Type and duration of fixation.
Consistency and thickness of sections.
Room or specimen/dye temperatures.
Stain reactivity for different manufacturers/batches.
Incubation times.
Scanner equipment/settings.

Stain Normalisation

Involves ‘normalising’ the stain colour distribution according to some reference image.

Histogram Matching

Idea is to change the histogram of the source image to that of the reference image.
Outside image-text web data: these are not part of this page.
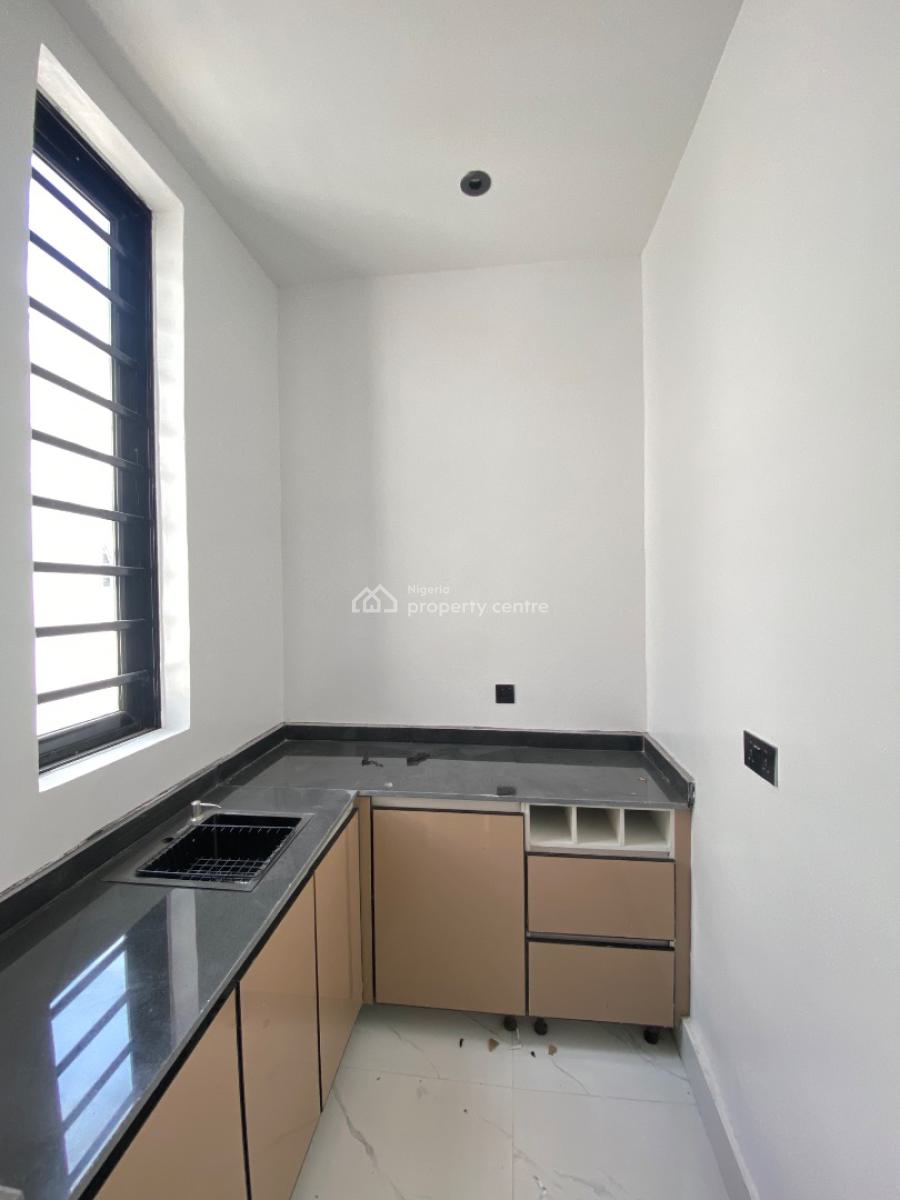 Lovely 5 Bed Duplex in a Gated Estate, Lekki, Lekki Phase 1, Lekki, Lagos, Detached Duplex for Sale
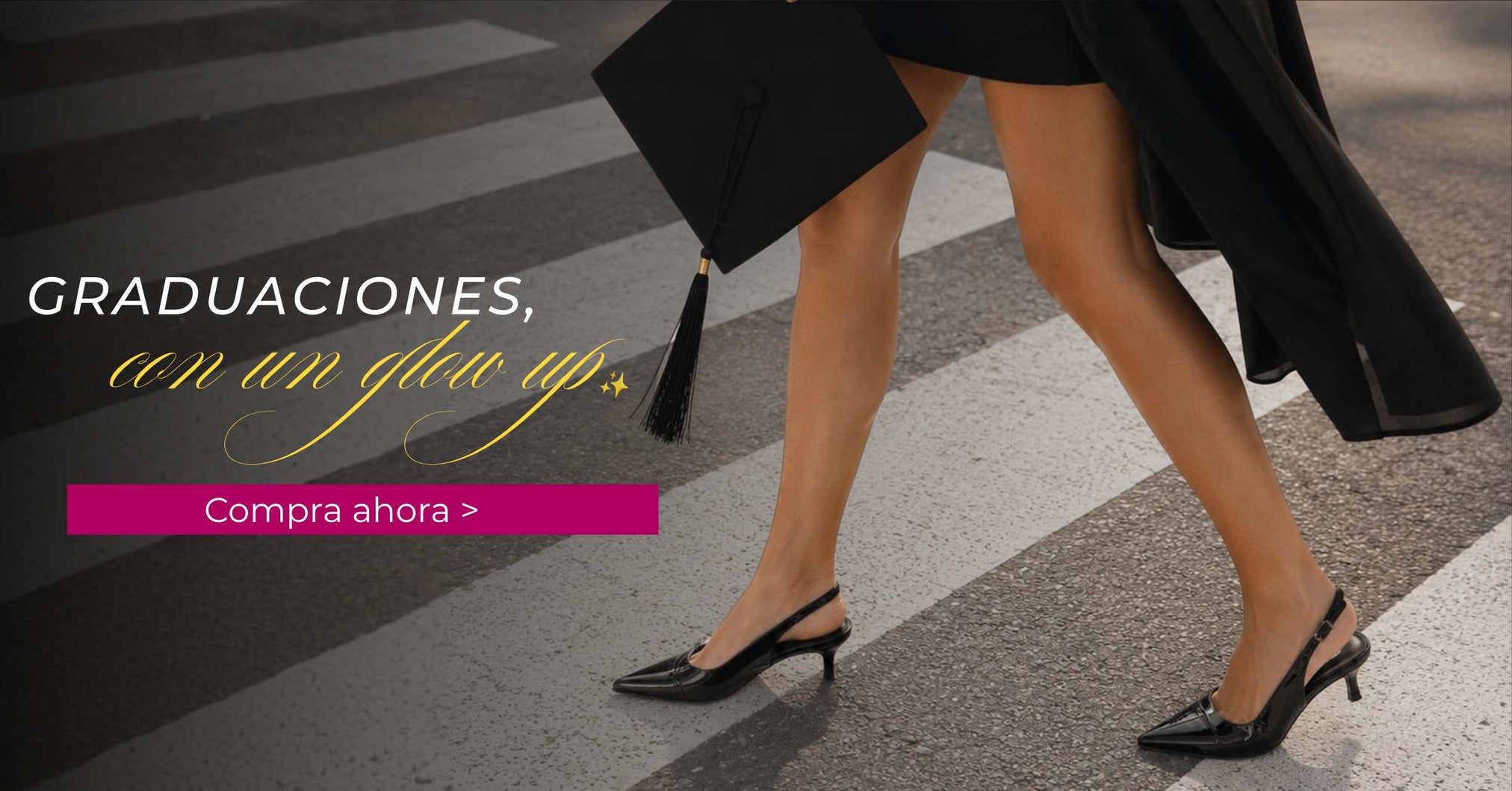 Mujer usando zapatos de tacón negros tipo slingback para graduación mientras camina con toga y birrete.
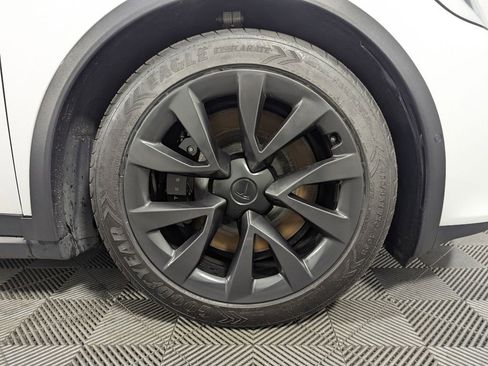 Used 2022 Tesla Model X Plaid image 28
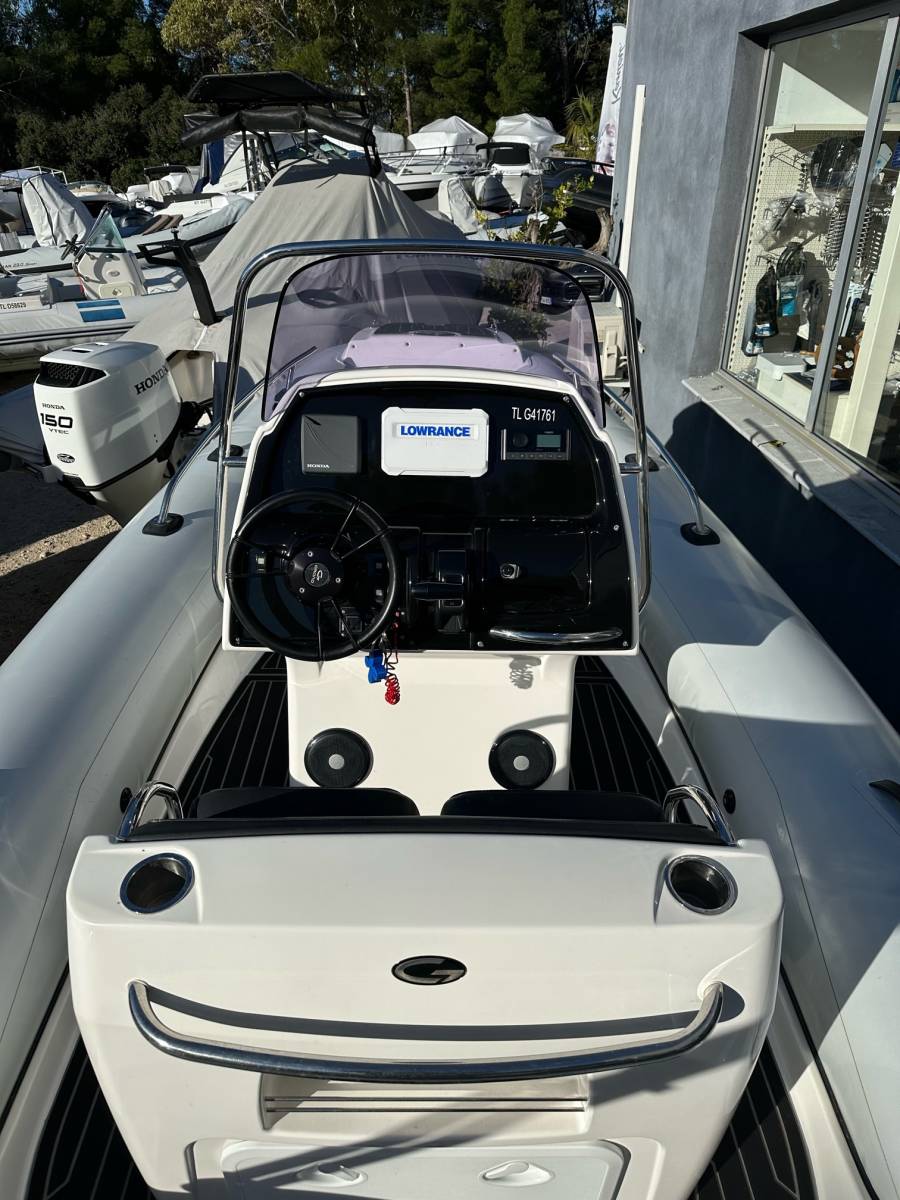 occasion semi rigide prés de Hyères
Calculate source and reference image normalised histograms.
Change source histogram such that it matches (approximately) the target image histogram.
Repeat for each colour channel.

Colour Transfer

Convert both source and reference images to an uncorrelated colour space (e.g. Lab).
Subtract the mean of the source image from all data points of the source image.
Scale all data points of the source image by standard deviation of the source and reference images.
Add mean of the reference image to each data point of the source image.
Repeat steps 2-4 for each channel.
Convert result back to RGB space.

PCA in the Optical Density Space

RGB to linear space (Optical density space, OD).
PCA on the OD channels.
Project data points on the top 2 principal components and unit normalise.
Calculate angle of each point in the projection with the 1st principal component.
Find the robust extremes (1st and 99th percentile) of angles as they represent the stain colours.
Convert robust extremes back to OD space.

Warwick-Leeds Stain Normalisation

For overview see revision slides 46 and 47.

Basic Thresholding Cell Detection

Can be achieved by Otsu thresholding on the H channel.
Can also use thresholding on the so-called Blue Ratio Image $BR = 100(\frac{B}{1+R+G})(\frac{256}{1+R+G+B})$.

Otsu Thresholding

Assuming a bimodal distribution, we aim to find a threshold that separates nuclei from the background.
In other words, an optimal threshold is the one that maximises the inter-class variance.
Does not take into account spatial info.

Handcrafted Features vs Deep Learning

With handcrafted features, typically each step needs to be designed and trained separately. Potentially more difficult and time consuming.

Several options available:

Shape features.
Textural features.
Frequency domain features.

With Deep Learning, no need to separately design and train, but requires large amounts of data.

IHC Staining

IHC markers may be expressed in particular cell organelles, such as the nucleus, cell membrane, cytoplasm, or a combination thereof.
Major Advantage of IHC Staining - Allows the observer a greater insight into the chemical makeup of tissue.
- Composition of tumour/immune cells.
- Used directly and indirectly for determining the degree of malignancy.
IHC scoring plays an important role in diagnosis and treatment of some particular types of cancer.
Automated quantification is fast, objective, and reproducible.
Stain separation is first step in IHC scoring.
Even though the DAB stain does not follow Beer-Lambert law, several studies have shown automated IHC quantification gives good concordance with IHC scoring by human experts.

Nuclear Marker Scoring

Needed when the protein of interest is expressed in the nuclei.
Some of the most commonly used IHC markers are nuclear markers.

Details of ER/PR, H, and AllRed scoring are in slides 65-67 of revision lecture.

Membranous Marker Scoring

Considered to be more difficult than nuclear marker scoring.
Human epidermal growth factor receptor 2 (Her2) over expression in nearly 15% of early invasive Bra patients.
Her2 scoring used as predictive test for targeted anti-HER2 therapy such as Herceptin.

Machine Learning

Slides start at 70 in revision lecture.

Data Augmentation

Used for increasing the amount of data.
Common methods include:
- Mirroring.
- Random cropping.
- Rotations.
- Warping.
- Addition of noise.
- Colour changes.

Segmentation

The task of dividing an image into various components by assigning semantic labels to individual pixels based on their regional characteristics.

In case of computational pathology, usually involves segmentation into:

Low-Level Segments - Nuclei.
Mid-Level Segments - Multi-cellular objects, e.g. glands, vessels, nerves.
High-Level Segments - Large more-or-less homogeneous areas (e.g. tumour-rich areas).